I actively participate in Young Eagle flights for the EAA, which are so fun! I’m a new member to the Balloon Society since I started my Lighter Than Air rating this past summer. I am amazed at the closeness of the ballooning community. It is unlike anything I’ve seen in fixed-wing aviation, so far. They are all practically family. Most of the older members watched the younger members have kids and grown up. Now those kids are all ballooning too. All of the organizations are pretty remarkable and have all the types of members you can look to for guidance or just to be your friend.

You mentioned in your scholarship essay that you’d like to progress to becoming a CFII, a path often skipped by those desiring to becoming a professional pilot. Tell us why taking this step is so important to you. 

I knew becoming a CFI would make me a better pilot. Instructing every day is expanding my own skill set. I would like to get CFII to help improve and expand on my own knowledge and instrument flying skills. This will result in me being a better pilot and also a better instructor.

Instrument flying is such an important skill to expand on since IFR flying can really be dangerous if you don’t know what you’re doing. This step is also important to me because I can see the need for CFII’s. There just aren’t that many at my local airfield. I want to be there to give the opportunity to my students and others that want to continue their aviation journey. To help expand them their skills and make them better pilots.

In just two years, you’ve gone from student pilot to aviation mentor, and your passion and progress are truly commendable. What drives you to continue to be a beacon for the next generation of aspiring aviators? 

One of the main things that drives me is my desire to improve on how the primary training is taught. Since it wasn’t long ago that I was training for my own Private Pilot and Commercial certificates, I’m able to look back and focus on continuing the care and thought my own instructors put into training me.

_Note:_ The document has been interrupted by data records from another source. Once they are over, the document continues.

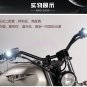 2Pcs Handlebar Spotlight LED Motorcycle Headlight Daytime Light Driving Fog Lamp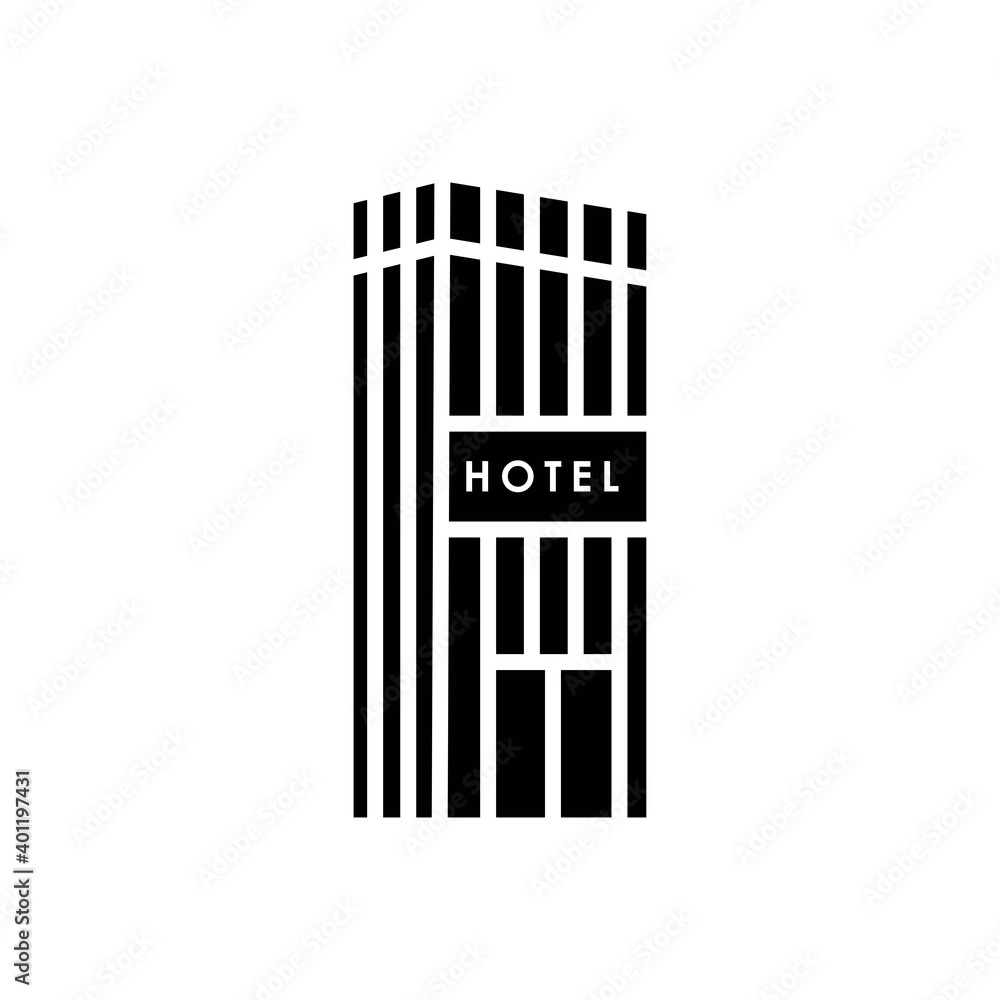 hotel icon solid style vector eps 10 hotel icon solid style vector eps 10
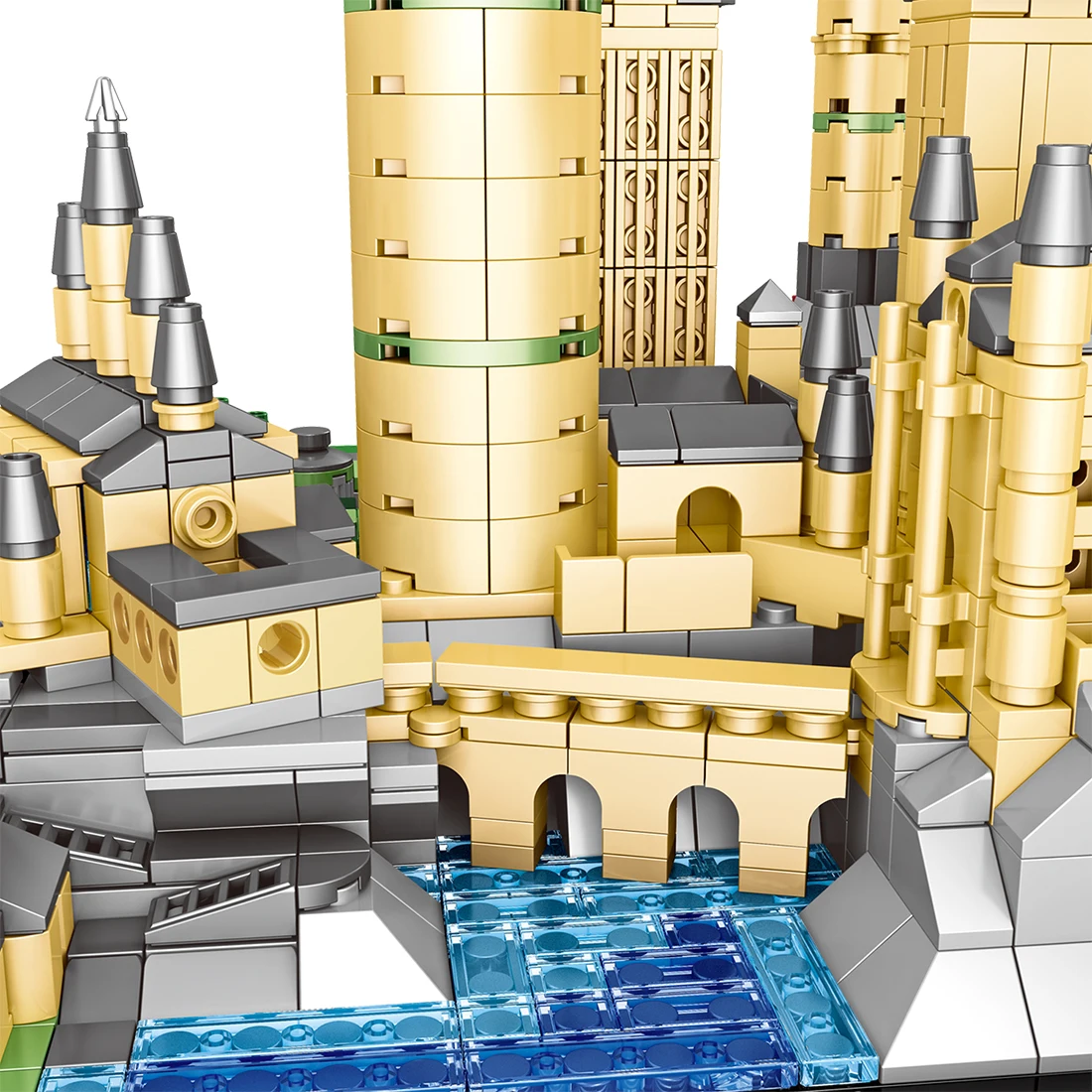 

1348Pcs Street View Bricks Model Water Castle Building Blocks Small Particle Stem Toy block assembly toys for kids gifts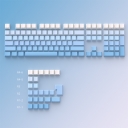 Sky Blue 104+29 Keys PBT Doubleshot Side Legends Keycaps Set Cherry Profile for MX Keyboard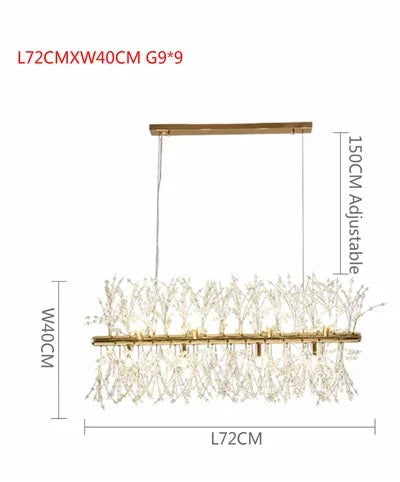 DecorBites™ Dandelion Chandelier LED Pendant Lamp for Dining Room, Bedroom, Shops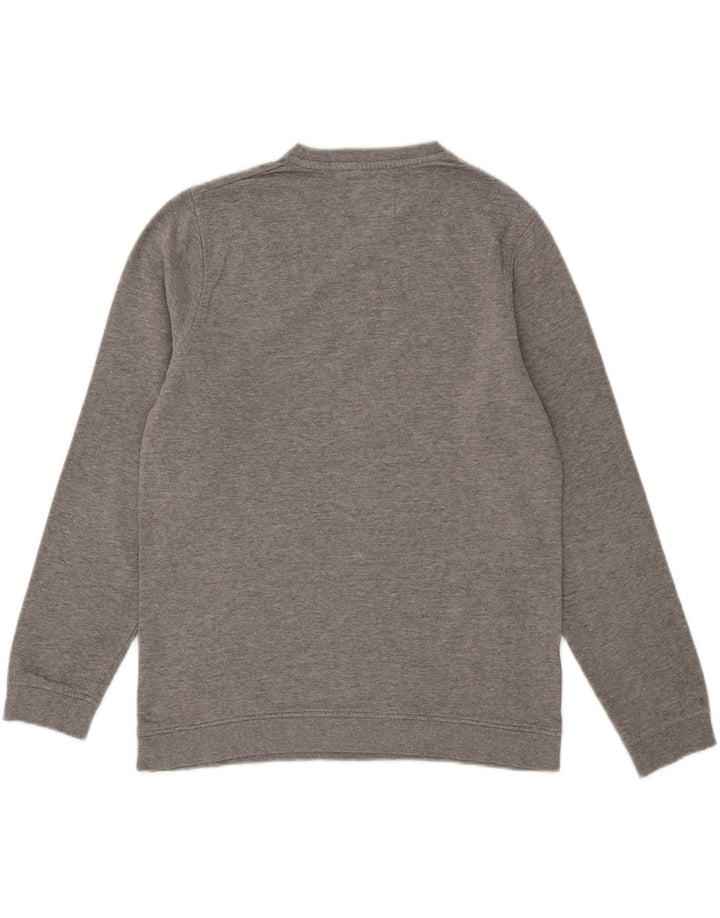 Jack & Jones Mens Graphic Sweatshirt Jumper Large Grey Flecked Cotton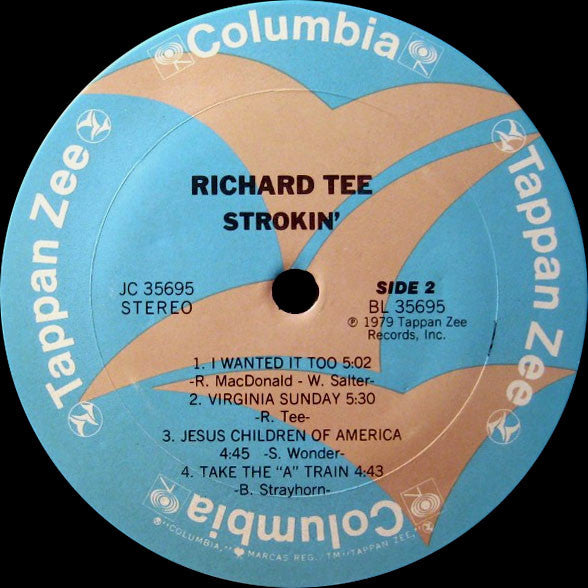 Richard Tee : Strokin' (LP, Album, Pit)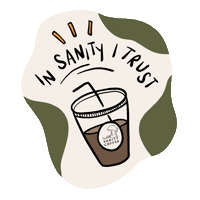 Sanitycoffeebar coffee singapore latte espresso Sticker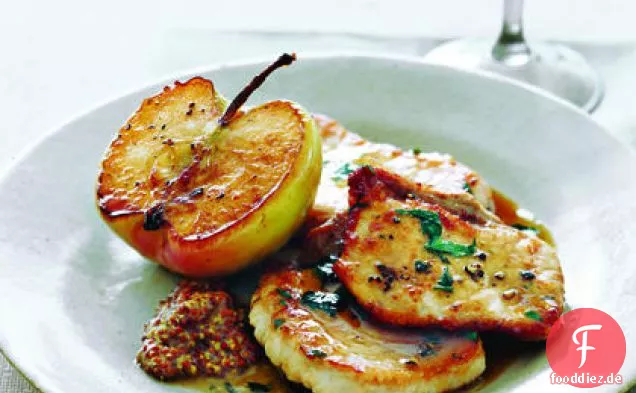 Schweinekoteletts mit Granny Smith Äpfeln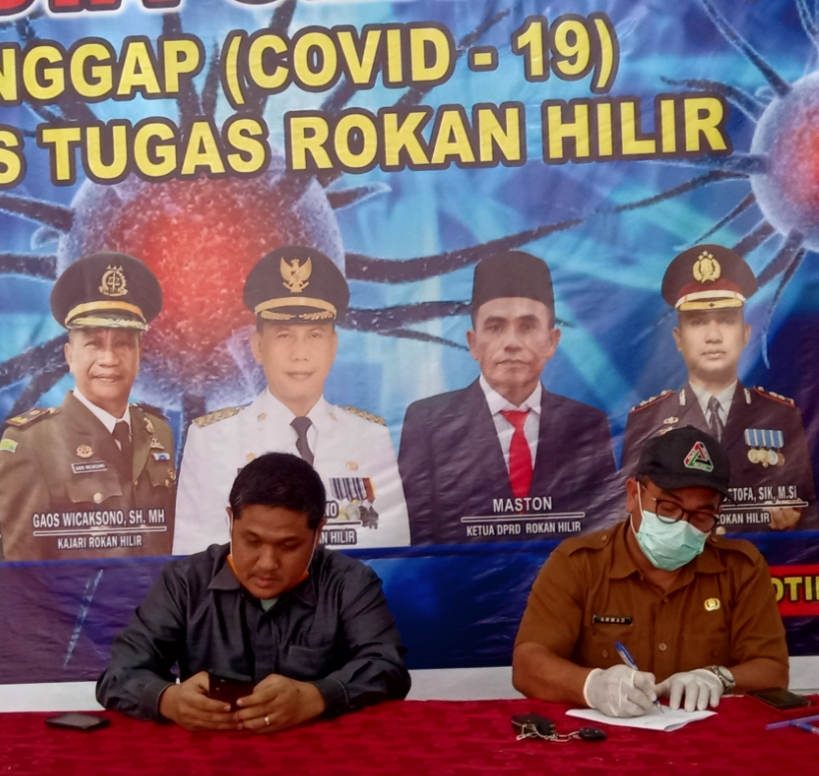 Rohil Terima Bantuan Dari Provinsi Riau 500 Rapid Test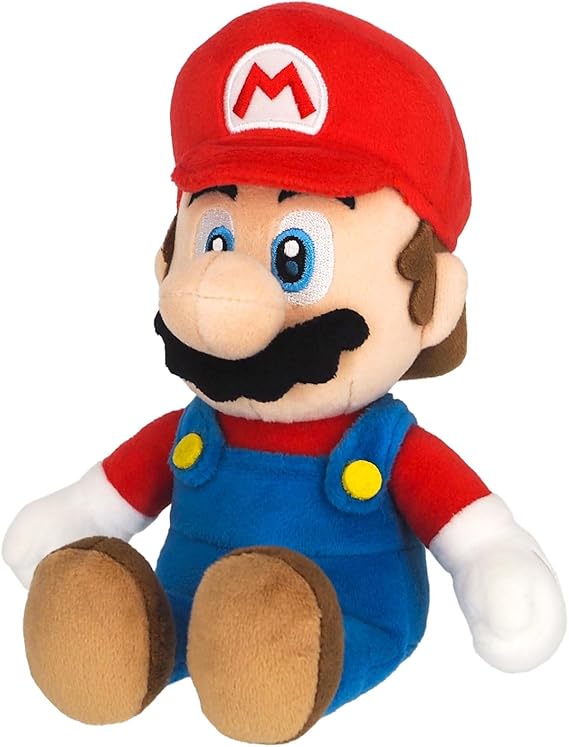 Super Mario All Star Collection Mario Plush 9.5" Toy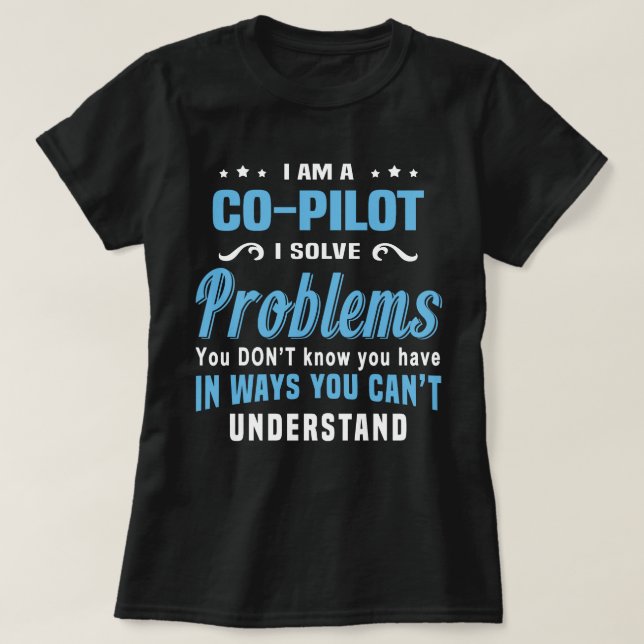 T-shirt co-pilote (Design devant)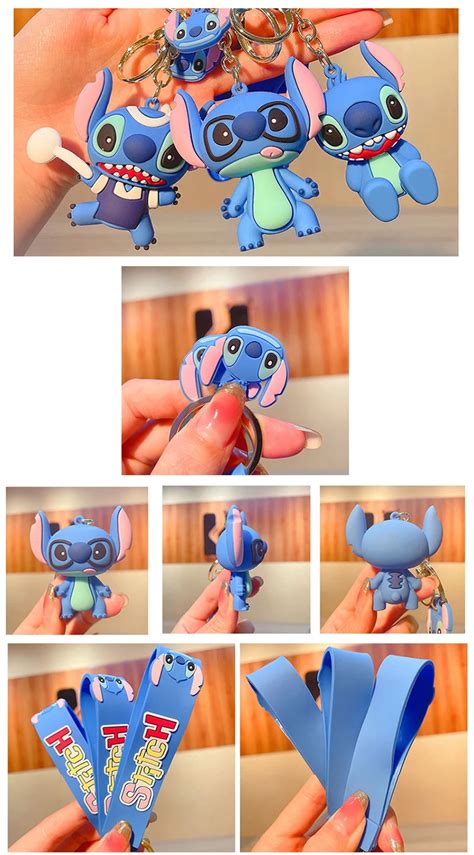 Promotional D Cartoon Anime Kawaii Disneys Stitch Keychain Custom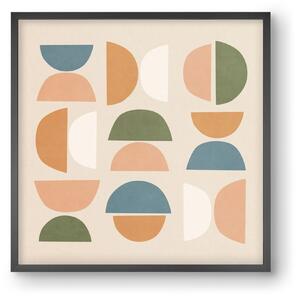 MINIMAL GEOMETIC ART 02 - falikép keretben | artbridge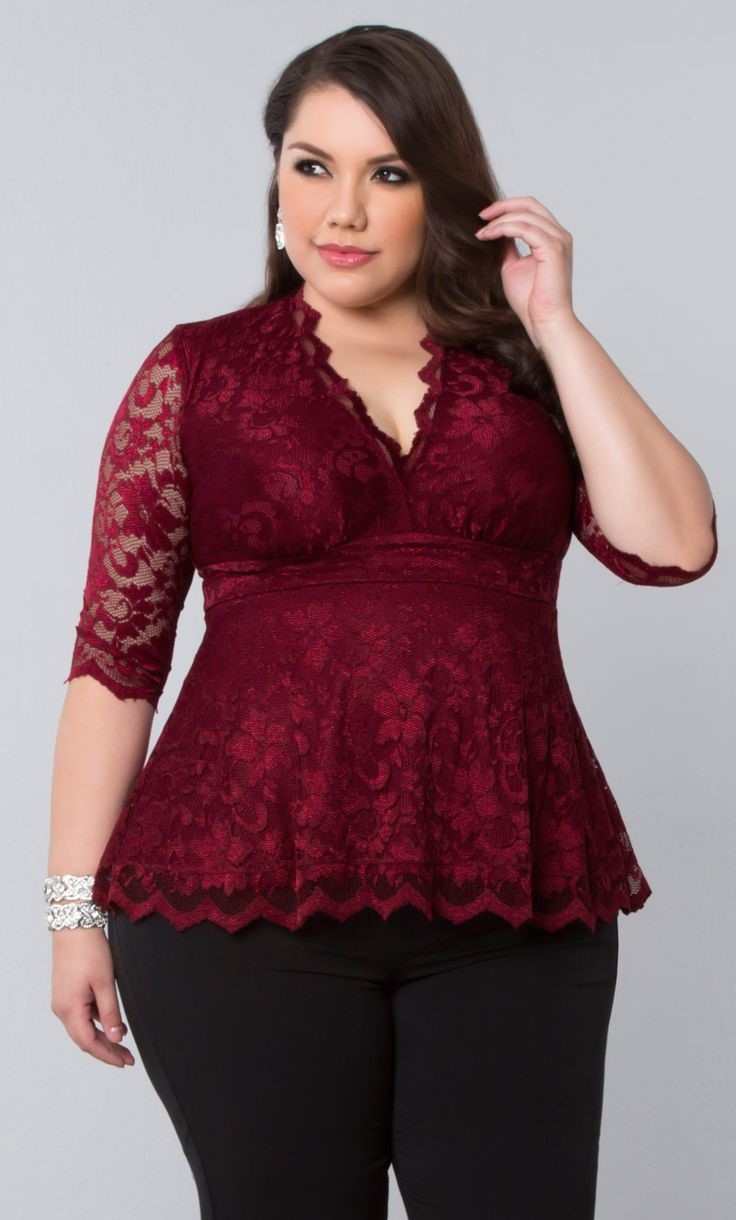 Red dressy blouses for special occasions for women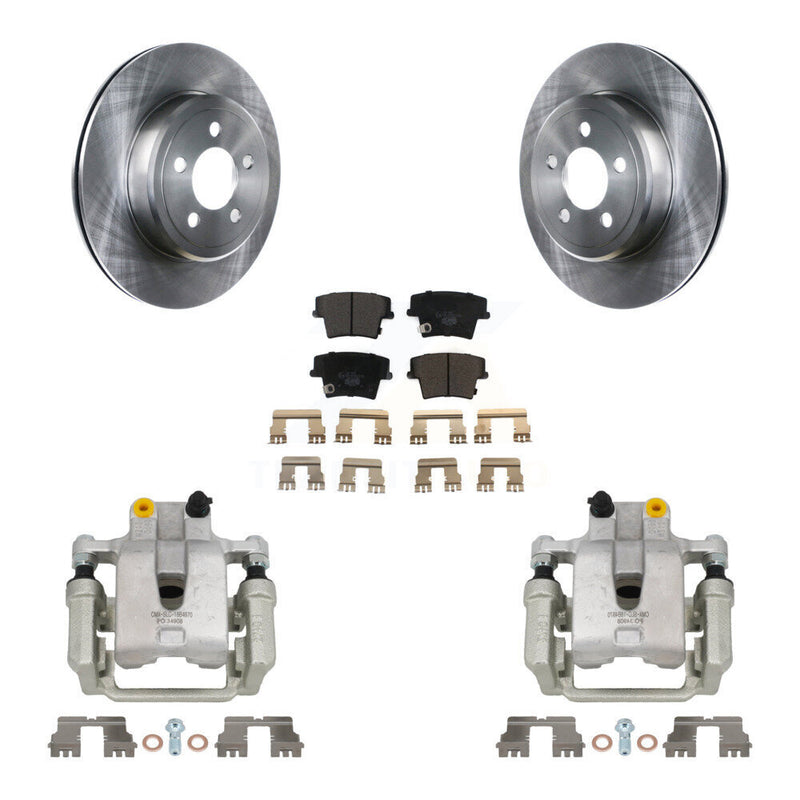 Transit Auto KC8-100271T Disc Brake Kit for 2006-2021 Chrysler 300, Dodge Challenger, Dodge Magnum - Rear product image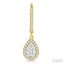 Pear Shape Halo Lovebright Essential Diamond Earrings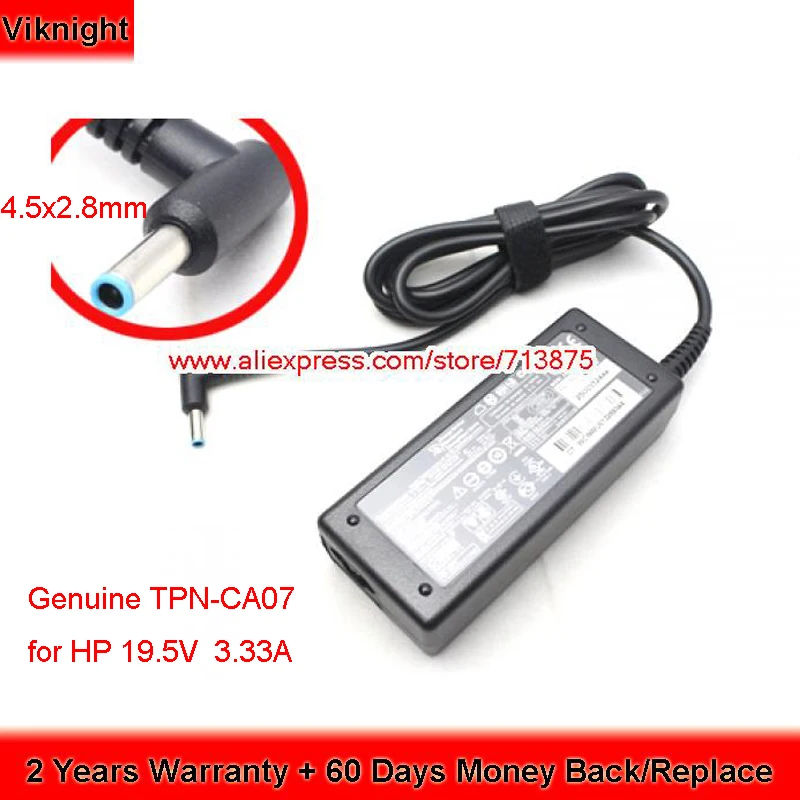 Genuine 19.5V 3.33A TPN-CA07 Laptop Adapter for HP Envy TouchSmart 15 15-R011dx 15-DA2019TX 840 G5 X360 1030 G2 Power Supply
Genuine 19.5V 3.33A TPN-CA07 Laptop Adapter for HP Envy TouchSmart 15 15-R011dx 15-DA2019TX 840 G5 X360 1030 G2 Power Supply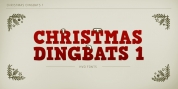 Christmas Dingbats 1 font download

I feel like I am more relatable being fresh from training into instructing, since I can remember some of the things that were initially confusing or more of a challenge for me. This allows me to set the bar for teaching my students in multiple ways if something is more difficult for them.

My passion goes beyond being a flight instructor. Since I am primarily with high school age and younger students, it gives me an opportunity to help mentor them through their own personal struggles, questions that they might have, and give them an outlet through aviation to deal with these things. My hopes for the next generation of aviators is that they commit to safety, lifelong learning, and develop a healthy relationship amongst other aviators.

This is a small community and we should all be there to support each other. I aspire to create my own scholarship and to be able to pay it forward since I have been so fortunate to be a recipient of the Christine Reed Memorial Flight Scholarship twice now. I will always be so grateful for both of these opportunities that have helped propel me forward on my aviation journey.

J. Elliot Marketing is proud to have Tara as both the sixth and eighth recipient of the Christine Reed Memorial Flight Scholarship and looks forward to offering this scholarship annually. By helping others reach their dreams, J. Elliot Marketing keeps Christine’s spirit alive. Perhaps this minor step serves to inspire others to think of ways they can share their passions with the world and find ways to pay it forward.